What the task asks => From the entries below, output the line with "trial. Worth a" and each following line up to and including the line with "FCI. FOR DOGS", exactly as written.

Dataset extract =>

*** Block opens ***

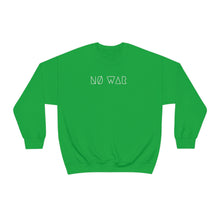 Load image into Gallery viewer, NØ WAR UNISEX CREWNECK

*** Block closes ***
*** Block opens ***

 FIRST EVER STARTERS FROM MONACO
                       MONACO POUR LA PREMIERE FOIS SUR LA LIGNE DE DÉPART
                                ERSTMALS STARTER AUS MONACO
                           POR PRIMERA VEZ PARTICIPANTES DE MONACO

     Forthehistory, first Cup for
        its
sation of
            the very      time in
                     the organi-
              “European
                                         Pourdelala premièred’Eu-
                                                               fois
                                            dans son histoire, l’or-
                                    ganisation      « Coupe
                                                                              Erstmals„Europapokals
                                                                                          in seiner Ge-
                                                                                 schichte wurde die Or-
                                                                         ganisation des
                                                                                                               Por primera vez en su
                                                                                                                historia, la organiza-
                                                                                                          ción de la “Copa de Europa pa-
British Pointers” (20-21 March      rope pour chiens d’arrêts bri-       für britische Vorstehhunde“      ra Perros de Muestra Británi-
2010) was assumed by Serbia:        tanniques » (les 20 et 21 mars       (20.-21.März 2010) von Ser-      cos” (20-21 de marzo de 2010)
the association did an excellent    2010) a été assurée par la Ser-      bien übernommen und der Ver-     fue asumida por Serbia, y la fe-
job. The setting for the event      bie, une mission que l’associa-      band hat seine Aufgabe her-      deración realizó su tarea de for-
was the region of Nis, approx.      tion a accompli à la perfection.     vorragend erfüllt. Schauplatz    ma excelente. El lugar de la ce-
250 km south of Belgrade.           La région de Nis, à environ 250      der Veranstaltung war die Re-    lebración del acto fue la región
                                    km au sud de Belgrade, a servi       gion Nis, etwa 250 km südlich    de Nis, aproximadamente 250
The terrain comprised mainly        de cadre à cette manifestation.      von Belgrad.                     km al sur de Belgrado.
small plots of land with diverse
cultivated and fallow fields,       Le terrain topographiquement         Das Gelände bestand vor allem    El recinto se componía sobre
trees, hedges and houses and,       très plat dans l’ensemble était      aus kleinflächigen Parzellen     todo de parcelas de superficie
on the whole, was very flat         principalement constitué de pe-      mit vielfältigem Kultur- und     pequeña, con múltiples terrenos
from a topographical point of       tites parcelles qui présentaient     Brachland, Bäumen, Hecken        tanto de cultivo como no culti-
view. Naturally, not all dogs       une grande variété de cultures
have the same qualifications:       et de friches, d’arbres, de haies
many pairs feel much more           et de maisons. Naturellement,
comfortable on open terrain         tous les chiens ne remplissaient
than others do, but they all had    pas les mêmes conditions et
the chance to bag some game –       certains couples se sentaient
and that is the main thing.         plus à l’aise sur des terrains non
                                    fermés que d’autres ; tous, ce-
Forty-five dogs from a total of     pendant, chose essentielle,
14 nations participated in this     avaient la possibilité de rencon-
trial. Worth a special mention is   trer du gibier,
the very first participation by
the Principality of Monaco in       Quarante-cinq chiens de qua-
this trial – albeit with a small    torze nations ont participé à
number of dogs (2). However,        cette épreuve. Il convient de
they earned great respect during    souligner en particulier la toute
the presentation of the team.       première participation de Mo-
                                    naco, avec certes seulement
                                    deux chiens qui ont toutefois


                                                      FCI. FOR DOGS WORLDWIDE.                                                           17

*** Block closes ***

Written answer =>
trial. Worth a special mention is   trer du gibier,
the very first participation by
the Principality of Monaco in       Quarante-cinq chiens de qua-
this trial – albeit with a small    torze nations ont participé à
number of dogs (2). However,        cette épreuve. Il convient de
they earned great respect during    souligner en particulier la toute
the presentation of the team.       première participation de Mo-
                                    naco, avec certes seulement
                                    deux chiens qui ont toutefois


                                                      FCI. FOR DOGS WORLDWIDE.                                                           17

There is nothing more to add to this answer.